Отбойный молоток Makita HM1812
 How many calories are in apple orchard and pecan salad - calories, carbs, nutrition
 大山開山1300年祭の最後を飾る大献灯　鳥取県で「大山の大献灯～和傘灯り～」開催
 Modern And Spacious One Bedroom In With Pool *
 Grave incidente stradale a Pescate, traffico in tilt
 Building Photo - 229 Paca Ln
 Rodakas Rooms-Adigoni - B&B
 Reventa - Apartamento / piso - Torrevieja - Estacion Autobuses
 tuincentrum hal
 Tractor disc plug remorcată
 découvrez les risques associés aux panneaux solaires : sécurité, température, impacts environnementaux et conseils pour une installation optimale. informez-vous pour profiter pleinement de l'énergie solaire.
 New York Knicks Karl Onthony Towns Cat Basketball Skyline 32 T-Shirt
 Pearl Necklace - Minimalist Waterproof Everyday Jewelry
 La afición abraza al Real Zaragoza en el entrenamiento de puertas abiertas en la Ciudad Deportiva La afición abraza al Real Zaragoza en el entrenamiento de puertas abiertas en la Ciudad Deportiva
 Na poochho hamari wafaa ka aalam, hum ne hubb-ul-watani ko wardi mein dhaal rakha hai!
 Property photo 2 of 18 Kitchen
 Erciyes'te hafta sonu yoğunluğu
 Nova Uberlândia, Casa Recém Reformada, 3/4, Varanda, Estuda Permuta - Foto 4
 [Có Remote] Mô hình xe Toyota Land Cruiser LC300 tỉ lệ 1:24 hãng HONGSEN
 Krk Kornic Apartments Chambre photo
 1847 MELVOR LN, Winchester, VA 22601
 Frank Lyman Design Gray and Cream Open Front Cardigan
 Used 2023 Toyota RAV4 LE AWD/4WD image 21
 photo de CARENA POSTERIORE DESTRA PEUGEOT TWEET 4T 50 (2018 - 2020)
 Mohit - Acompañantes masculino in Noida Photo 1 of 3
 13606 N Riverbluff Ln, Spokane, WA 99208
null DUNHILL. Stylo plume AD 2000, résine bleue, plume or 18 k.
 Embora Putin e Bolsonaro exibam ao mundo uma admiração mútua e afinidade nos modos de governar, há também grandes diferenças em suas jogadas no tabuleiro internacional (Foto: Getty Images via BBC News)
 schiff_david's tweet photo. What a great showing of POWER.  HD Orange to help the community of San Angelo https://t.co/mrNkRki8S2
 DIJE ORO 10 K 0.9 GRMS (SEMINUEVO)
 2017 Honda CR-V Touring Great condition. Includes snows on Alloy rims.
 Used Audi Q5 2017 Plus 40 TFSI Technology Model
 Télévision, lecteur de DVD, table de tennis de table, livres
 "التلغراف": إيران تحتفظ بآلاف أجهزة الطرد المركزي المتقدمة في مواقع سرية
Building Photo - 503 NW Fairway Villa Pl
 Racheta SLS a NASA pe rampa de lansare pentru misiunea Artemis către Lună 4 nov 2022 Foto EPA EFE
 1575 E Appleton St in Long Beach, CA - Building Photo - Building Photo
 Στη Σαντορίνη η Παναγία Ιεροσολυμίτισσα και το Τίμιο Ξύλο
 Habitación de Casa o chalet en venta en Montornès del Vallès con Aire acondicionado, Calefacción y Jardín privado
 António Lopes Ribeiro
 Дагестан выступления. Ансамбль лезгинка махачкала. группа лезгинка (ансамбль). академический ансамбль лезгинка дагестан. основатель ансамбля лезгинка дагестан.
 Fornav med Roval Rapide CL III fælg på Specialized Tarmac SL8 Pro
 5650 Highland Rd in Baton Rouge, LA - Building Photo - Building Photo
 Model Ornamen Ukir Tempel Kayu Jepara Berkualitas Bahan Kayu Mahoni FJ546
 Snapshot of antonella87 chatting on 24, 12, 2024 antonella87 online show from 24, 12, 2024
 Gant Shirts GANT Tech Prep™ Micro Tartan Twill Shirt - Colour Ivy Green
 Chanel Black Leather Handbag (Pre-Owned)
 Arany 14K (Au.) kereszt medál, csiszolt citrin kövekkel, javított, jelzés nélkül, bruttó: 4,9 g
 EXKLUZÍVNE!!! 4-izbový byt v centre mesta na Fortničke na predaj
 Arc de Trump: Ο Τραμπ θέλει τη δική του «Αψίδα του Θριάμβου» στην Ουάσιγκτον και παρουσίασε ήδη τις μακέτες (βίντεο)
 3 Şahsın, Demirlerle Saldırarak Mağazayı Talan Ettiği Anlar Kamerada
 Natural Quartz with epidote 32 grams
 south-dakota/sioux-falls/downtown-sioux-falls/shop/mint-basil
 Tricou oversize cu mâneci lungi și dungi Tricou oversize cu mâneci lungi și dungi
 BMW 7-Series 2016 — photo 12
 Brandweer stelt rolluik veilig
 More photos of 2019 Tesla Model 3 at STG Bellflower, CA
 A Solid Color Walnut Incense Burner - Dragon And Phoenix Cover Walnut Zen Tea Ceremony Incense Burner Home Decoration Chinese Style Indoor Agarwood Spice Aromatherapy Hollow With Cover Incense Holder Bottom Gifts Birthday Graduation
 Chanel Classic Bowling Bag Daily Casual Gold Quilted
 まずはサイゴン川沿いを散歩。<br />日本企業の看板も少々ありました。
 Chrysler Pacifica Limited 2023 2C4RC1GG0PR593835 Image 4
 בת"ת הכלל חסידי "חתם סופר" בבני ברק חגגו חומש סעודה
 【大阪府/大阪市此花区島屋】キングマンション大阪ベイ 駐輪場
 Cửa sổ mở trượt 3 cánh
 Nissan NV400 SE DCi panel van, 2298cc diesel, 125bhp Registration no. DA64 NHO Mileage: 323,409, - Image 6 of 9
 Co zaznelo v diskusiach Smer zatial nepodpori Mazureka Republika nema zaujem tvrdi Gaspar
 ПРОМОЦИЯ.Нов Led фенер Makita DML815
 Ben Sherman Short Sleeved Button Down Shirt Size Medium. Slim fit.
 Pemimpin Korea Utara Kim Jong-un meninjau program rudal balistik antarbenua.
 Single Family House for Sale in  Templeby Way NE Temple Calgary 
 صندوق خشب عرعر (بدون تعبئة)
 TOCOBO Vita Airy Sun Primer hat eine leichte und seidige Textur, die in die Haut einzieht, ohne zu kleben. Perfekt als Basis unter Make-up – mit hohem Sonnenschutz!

▶ **What is required**
The data above must be reproduced in full, exactly as given.

▶ **Task solution**
Отбойный молоток Makita HM1812
 How many calories are in apple orchard and pecan salad - calories, carbs, nutrition
 大山開山1300年祭の最後を飾る大献灯　鳥取県で「大山の大献灯～和傘灯り～」開催
 Modern And Spacious One Bedroom In With Pool *
 Grave incidente stradale a Pescate, traffico in tilt
 Building Photo - 229 Paca Ln
 Rodakas Rooms-Adigoni - B&B
 Reventa - Apartamento / piso - Torrevieja - Estacion Autobuses
 tuincentrum hal
 Tractor disc plug remorcată
 découvrez les risques associés aux panneaux solaires : sécurité, température, impacts environnementaux et conseils pour une installation optimale. informez-vous pour profiter pleinement de l'énergie solaire.
 New York Knicks Karl Onthony Towns Cat Basketball Skyline 32 T-Shirt
 Pearl Necklace - Minimalist Waterproof Everyday Jewelry
 La afición abraza al Real Zaragoza en el entrenamiento de puertas abiertas en la Ciudad Deportiva La afición abraza al Real Zaragoza en el entrenamiento de puertas abiertas en la Ciudad Deportiva
 Na poochho hamari wafaa ka aalam, hum ne hubb-ul-watani ko wardi mein dhaal rakha hai!
 Property photo 2 of 18 Kitchen
 Erciyes'te hafta sonu yoğunluğu
 Nova Uberlândia, Casa Recém Reformada, 3/4, Varanda, Estuda Permuta - Foto 4
 [Có Remote] Mô hình xe Toyota Land Cruiser LC300 tỉ lệ 1:24 hãng HONGSEN
 Krk Kornic Apartments Chambre photo
 1847 MELVOR LN, Winchester, VA 22601
 Frank Lyman Design Gray and Cream Open Front Cardigan
 Used 2023 Toyota RAV4 LE AWD/4WD image 21
 photo de CARENA POSTERIORE DESTRA PEUGEOT TWEET 4T 50 (2018 - 2020)
 Mohit - Acompañantes masculino in Noida Photo 1 of 3
 13606 N Riverbluff Ln, Spokane, WA 99208
null DUNHILL. Stylo plume AD 2000, résine bleue, plume or 18 k.
 Embora Putin e Bolsonaro exibam ao mundo uma admiração mútua e afinidade nos modos de governar, há também grandes diferenças em suas jogadas no tabuleiro internacional (Foto: Getty Images via BBC News)
 schiff_david's tweet photo. What a great showing of POWER.  HD Orange to help the community of San Angelo https://t.co/mrNkRki8S2
 DIJE ORO 10 K 0.9 GRMS (SEMINUEVO)
 2017 Honda CR-V Touring Great condition. Includes snows on Alloy rims.
 Used Audi Q5 2017 Plus 40 TFSI Technology Model
 Télévision, lecteur de DVD, table de tennis de table, livres
 "التلغراف": إيران تحتفظ بآلاف أجهزة الطرد المركزي المتقدمة في مواقع سرية
Building Photo - 503 NW Fairway Villa Pl
 Racheta SLS a NASA pe rampa de lansare pentru misiunea Artemis către Lună 4 nov 2022 Foto EPA EFE
 1575 E Appleton St in Long Beach, CA - Building Photo - Building Photo
 Στη Σαντορίνη η Παναγία Ιεροσολυμίτισσα και το Τίμιο Ξύλο
 Habitación de Casa o chalet en venta en Montornès del Vallès con Aire acondicionado, Calefacción y Jardín privado
 António Lopes Ribeiro
 Дагестан выступления. Ансамбль лезгинка махачкала. группа лезгинка (ансамбль). академический ансамбль лезгинка дагестан. основатель ансамбля лезгинка дагестан.
 Fornav med Roval Rapide CL III fælg på Specialized Tarmac SL8 Pro
 5650 Highland Rd in Baton Rouge, LA - Building Photo - Building Photo
 Model Ornamen Ukir Tempel Kayu Jepara Berkualitas Bahan Kayu Mahoni FJ546
 Snapshot of antonella87 chatting on 24, 12, 2024 antonella87 online show from 24, 12, 2024
 Gant Shirts GANT Tech Prep™ Micro Tartan Twill Shirt - Colour Ivy Green
 Chanel Black Leather Handbag (Pre-Owned)
 Arany 14K (Au.) kereszt medál, csiszolt citrin kövekkel, javított, jelzés nélkül, bruttó: 4,9 g
 EXKLUZÍVNE!!! 4-izbový byt v centre mesta na Fortničke na predaj
 Arc de Trump: Ο Τραμπ θέλει τη δική του «Αψίδα του Θριάμβου» στην Ουάσιγκτον και παρουσίασε ήδη τις μακέτες (βίντεο)
 3 Şahsın, Demirlerle Saldırarak Mağazayı Talan Ettiği Anlar Kamerada
 Natural Quartz with epidote 32 grams
 south-dakota/sioux-falls/downtown-sioux-falls/shop/mint-basil
 Tricou oversize cu mâneci lungi și dungi Tricou oversize cu mâneci lungi și dungi
 BMW 7-Series 2016 — photo 12
 Brandweer stelt rolluik veilig
 More photos of 2019 Tesla Model 3 at STG Bellflower, CA
 A Solid Color Walnut Incense Burner - Dragon And Phoenix Cover Walnut Zen Tea Ceremony Incense Burner Home Decoration Chinese Style Indoor Agarwood Spice Aromatherapy Hollow With Cover Incense Holder Bottom Gifts Birthday Graduation
 Chanel Classic Bowling Bag Daily Casual Gold Quilted
 まずはサイゴン川沿いを散歩。<br />日本企業の看板も少々ありました。
 Chrysler Pacifica Limited 2023 2C4RC1GG0PR593835 Image 4
 בת"ת הכלל חסידי "חתם סופר" בבני ברק חגגו חומש סעודה
 【大阪府/大阪市此花区島屋】キングマンション大阪ベイ 駐輪場
 Cửa sổ mở trượt 3 cánh
 Nissan NV400 SE DCi panel van, 2298cc diesel, 125bhp Registration no. DA64 NHO Mileage: 323,409, - Image 6 of 9
 Co zaznelo v diskusiach Smer zatial nepodpori Mazureka Republika nema zaujem tvrdi Gaspar
 ПРОМОЦИЯ.Нов Led фенер Makita DML815
 Ben Sherman Short Sleeved Button Down Shirt Size Medium. Slim fit.
 Pemimpin Korea Utara Kim Jong-un meninjau program rudal balistik antarbenua.
 Single Family House for Sale in  Templeby Way NE Temple Calgary 
 صندوق خشب عرعر (بدون تعبئة)
 TOCOBO Vita Airy Sun Primer hat eine leichte und seidige Textur, die in die Haut einzieht, ohne zu kleben. Perfekt als Basis unter Make-up – mit hohem Sonnenschutz!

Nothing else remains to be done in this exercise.